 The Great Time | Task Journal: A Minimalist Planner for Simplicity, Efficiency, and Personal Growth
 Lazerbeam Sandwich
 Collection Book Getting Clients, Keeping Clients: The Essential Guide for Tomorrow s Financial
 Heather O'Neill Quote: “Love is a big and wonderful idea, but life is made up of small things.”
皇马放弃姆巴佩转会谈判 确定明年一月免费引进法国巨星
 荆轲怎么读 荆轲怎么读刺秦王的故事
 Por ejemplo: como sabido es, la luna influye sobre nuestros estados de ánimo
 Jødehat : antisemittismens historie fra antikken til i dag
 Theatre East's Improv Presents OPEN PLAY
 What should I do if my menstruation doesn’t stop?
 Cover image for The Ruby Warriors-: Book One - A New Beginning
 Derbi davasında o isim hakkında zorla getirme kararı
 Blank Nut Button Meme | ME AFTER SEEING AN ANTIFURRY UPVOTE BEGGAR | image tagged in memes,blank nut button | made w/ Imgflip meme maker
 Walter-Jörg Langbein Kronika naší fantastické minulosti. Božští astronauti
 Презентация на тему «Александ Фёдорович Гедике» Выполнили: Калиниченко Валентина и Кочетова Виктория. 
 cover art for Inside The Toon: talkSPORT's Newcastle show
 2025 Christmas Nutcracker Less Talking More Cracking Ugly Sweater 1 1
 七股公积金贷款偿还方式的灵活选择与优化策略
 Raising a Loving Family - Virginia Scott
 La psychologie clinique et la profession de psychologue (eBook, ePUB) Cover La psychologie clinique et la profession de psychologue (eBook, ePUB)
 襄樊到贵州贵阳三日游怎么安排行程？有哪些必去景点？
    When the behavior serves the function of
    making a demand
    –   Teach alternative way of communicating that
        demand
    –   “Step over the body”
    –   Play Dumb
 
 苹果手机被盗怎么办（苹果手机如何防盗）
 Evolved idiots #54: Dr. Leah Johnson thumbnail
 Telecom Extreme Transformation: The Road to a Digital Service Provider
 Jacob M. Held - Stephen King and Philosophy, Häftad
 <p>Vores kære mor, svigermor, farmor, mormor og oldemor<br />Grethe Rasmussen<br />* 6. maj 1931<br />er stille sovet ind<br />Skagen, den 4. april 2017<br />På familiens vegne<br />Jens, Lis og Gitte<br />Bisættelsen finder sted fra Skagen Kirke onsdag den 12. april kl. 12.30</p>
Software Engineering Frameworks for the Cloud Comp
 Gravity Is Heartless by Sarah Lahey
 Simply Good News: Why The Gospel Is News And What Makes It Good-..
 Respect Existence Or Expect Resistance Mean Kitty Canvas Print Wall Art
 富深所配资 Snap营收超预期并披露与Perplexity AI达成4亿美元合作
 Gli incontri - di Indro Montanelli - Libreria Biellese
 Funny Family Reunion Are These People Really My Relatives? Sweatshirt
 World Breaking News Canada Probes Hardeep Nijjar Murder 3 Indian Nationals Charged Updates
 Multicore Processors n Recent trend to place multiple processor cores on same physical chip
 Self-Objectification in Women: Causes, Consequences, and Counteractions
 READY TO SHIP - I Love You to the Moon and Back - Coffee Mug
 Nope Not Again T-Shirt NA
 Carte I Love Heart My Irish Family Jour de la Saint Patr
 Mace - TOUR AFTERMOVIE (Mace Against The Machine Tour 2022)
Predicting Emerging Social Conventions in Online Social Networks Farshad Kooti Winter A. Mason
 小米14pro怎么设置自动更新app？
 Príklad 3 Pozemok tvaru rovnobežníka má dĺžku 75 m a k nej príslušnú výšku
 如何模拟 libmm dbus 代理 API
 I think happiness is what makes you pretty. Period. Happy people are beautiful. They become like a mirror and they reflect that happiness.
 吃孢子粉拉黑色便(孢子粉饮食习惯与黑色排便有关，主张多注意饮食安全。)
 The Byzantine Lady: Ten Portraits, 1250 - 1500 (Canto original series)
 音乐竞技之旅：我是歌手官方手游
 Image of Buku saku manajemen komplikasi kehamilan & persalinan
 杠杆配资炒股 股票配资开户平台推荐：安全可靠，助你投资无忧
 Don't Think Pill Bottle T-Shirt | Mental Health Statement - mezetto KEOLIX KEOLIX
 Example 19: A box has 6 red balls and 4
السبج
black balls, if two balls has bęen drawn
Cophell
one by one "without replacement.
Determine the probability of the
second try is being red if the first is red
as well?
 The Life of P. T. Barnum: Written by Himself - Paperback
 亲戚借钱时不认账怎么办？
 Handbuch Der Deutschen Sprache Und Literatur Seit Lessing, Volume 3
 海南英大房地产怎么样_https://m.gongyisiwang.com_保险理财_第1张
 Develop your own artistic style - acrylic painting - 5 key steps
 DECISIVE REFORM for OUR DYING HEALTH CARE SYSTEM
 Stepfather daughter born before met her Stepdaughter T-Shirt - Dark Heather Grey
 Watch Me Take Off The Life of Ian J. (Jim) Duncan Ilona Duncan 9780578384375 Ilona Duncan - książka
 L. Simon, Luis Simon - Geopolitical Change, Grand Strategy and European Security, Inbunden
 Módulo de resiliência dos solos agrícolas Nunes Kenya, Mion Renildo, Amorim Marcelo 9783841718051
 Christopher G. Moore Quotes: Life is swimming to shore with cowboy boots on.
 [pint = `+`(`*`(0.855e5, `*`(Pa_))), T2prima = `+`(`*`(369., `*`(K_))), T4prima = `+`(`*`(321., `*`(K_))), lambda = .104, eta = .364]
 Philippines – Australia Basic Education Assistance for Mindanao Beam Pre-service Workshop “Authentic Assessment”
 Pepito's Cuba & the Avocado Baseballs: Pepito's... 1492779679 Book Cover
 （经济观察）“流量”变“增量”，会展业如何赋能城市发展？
_ _ _ _
Starting at the line that contains "Stepfather daughter born", write out every line through the end of the entries, exactly and with nothing added.

 Stepfather daughter born before met her Stepdaughter T-Shirt - Dark Heather Grey
 Watch Me Take Off The Life of Ian J. (Jim) Duncan Ilona Duncan 9780578384375 Ilona Duncan - książka
 L. Simon, Luis Simon - Geopolitical Change, Grand Strategy and European Security, Inbunden
 Módulo de resiliência dos solos agrícolas Nunes Kenya, Mion Renildo, Amorim Marcelo 9783841718051
 Christopher G. Moore Quotes: Life is swimming to shore with cowboy boots on.
 [pint = `+`(`*`(0.855e5, `*`(Pa_))), T2prima = `+`(`*`(369., `*`(K_))), T4prima = `+`(`*`(321., `*`(K_))), lambda = .104, eta = .364]
 Philippines – Australia Basic Education Assistance for Mindanao Beam Pre-service Workshop “Authentic Assessment”
 Pepito's Cuba & the Avocado Baseballs: Pepito's... 1492779679 Book Cover
 （经济观察）“流量”变“增量”，会展业如何赋能城市发展？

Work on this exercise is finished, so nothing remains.